### TASK
For this exercise, restate word for word only the lines from the one containing "Градински комплект с" through the last line below. Pictures do not get copied.

_ _ _ _ _

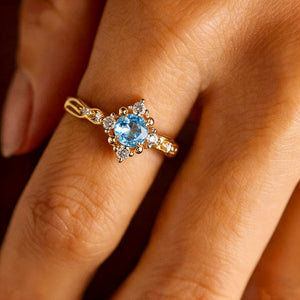 Vintage Blue CZ Starburst Crown Band Ring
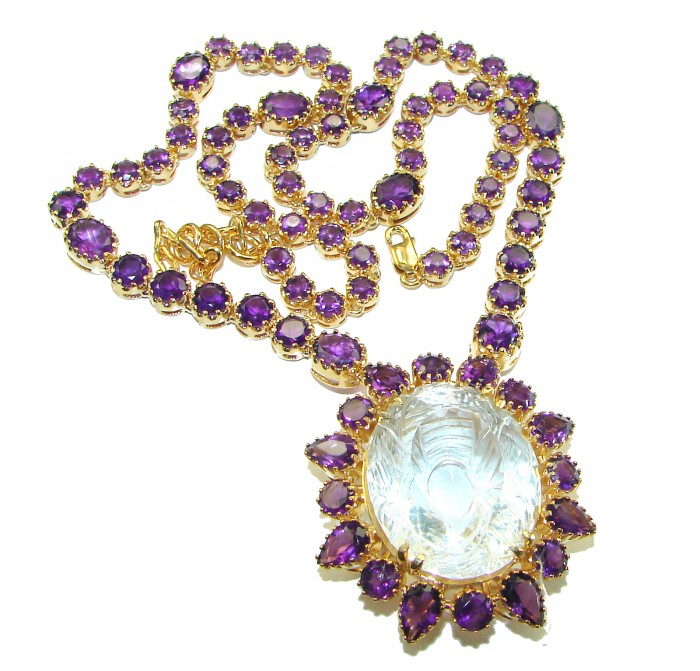 Outstanding carved 44.5 carat White Topaz 14K Gold over .925 Sterling Silver handcrafted Statement necklace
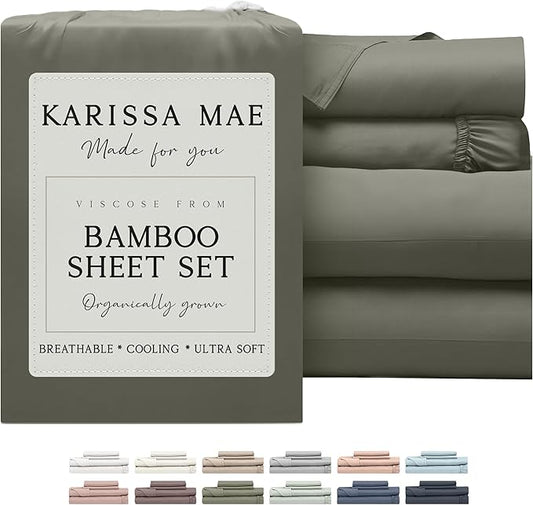 KARISSA MAE Cooling Bamboo Viscose Queen Sheet Set | 100% FSC Certified | 18” Deep Pocket | Silky, Soft, & Hypoallergenic | with Organizer Band & Elastic Corner Straps [Cypress Green]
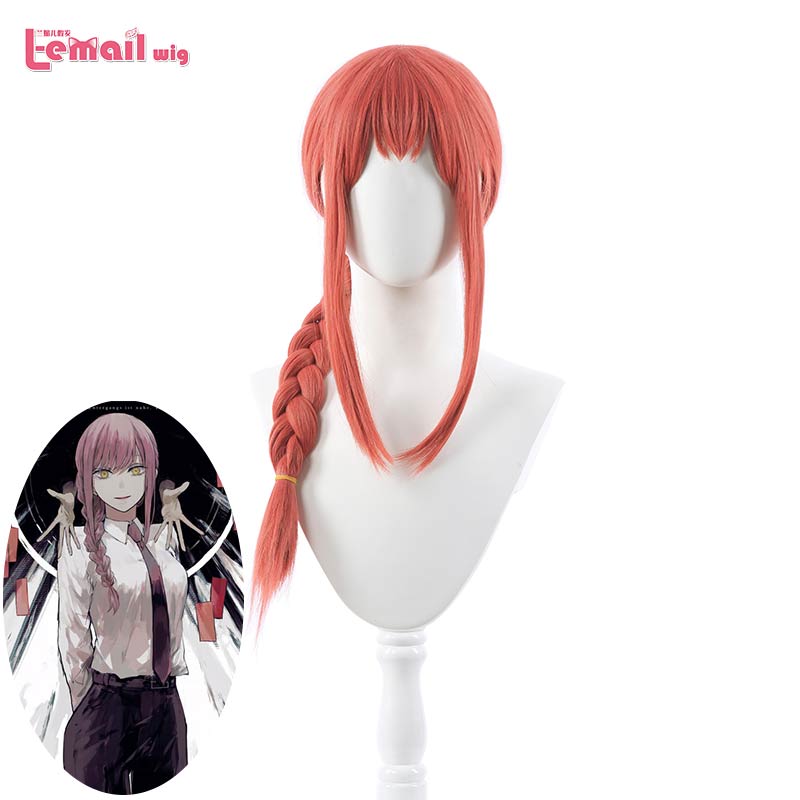 L-email wig Chainsaw Man Makima Cosplay Wigs Braided Hair Long Pink Red Wig Braids Heat Resistant Synthetic Hair Halloween Party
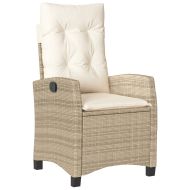 Градински комплект с възглавници, 3 части, бежов, полиратан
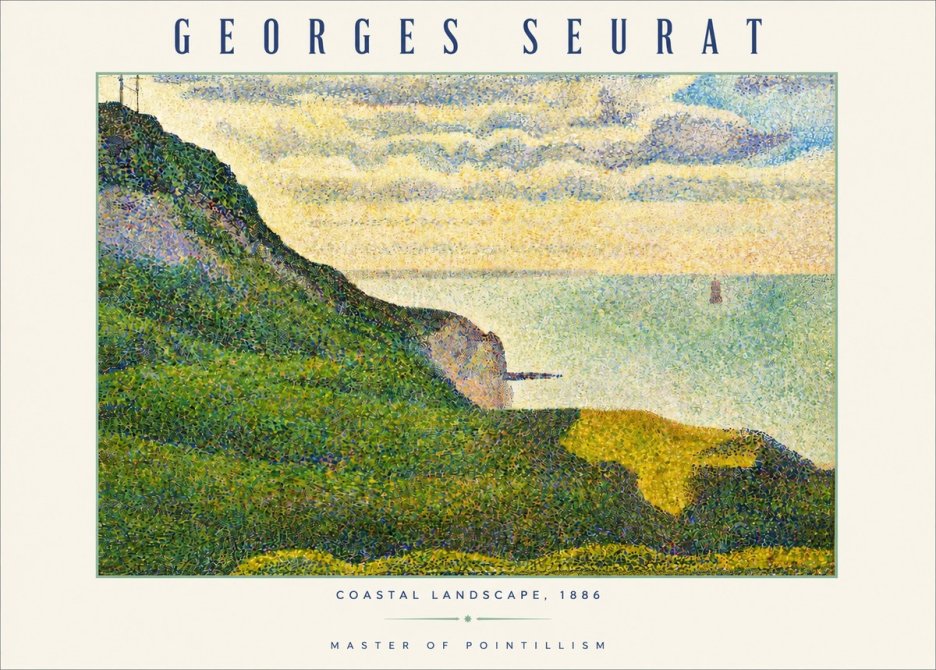 Seurat Coastal Landscape, 1886 No3 - Plakát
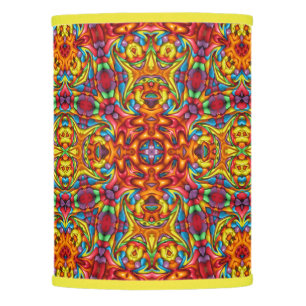 Freaky Tiki Red Vintage Fractal Kaleidoscope Lamp Shade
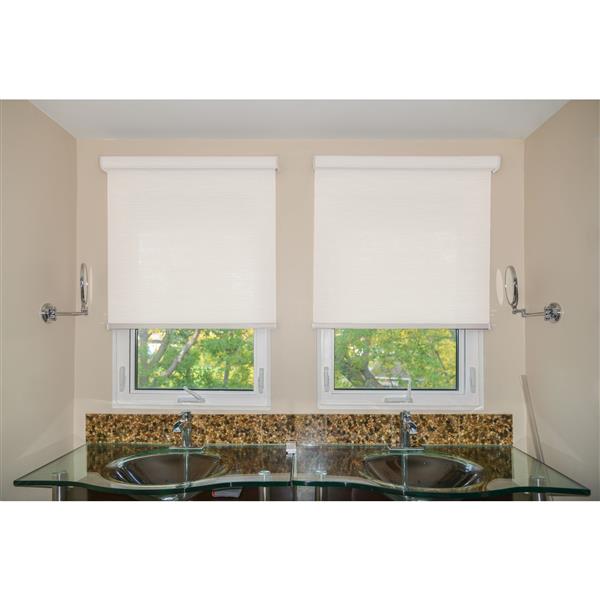 Sun Glow 41in x 72in Salt Flat/White Woven Roller Shade With Valance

_ _ _ _ _

### ANSWER TO THE PROBLEM
 Градински комплект с възглавници, 3 части, бежов, полиратан
 Seurat Coastal Landscape, 1886 No3 - Plakát
 Freaky Tiki Red Vintage Fractal Kaleidoscope Lamp Shade
 Sun Glow 41in x 72in Salt Flat/White Woven Roller Shade With Valance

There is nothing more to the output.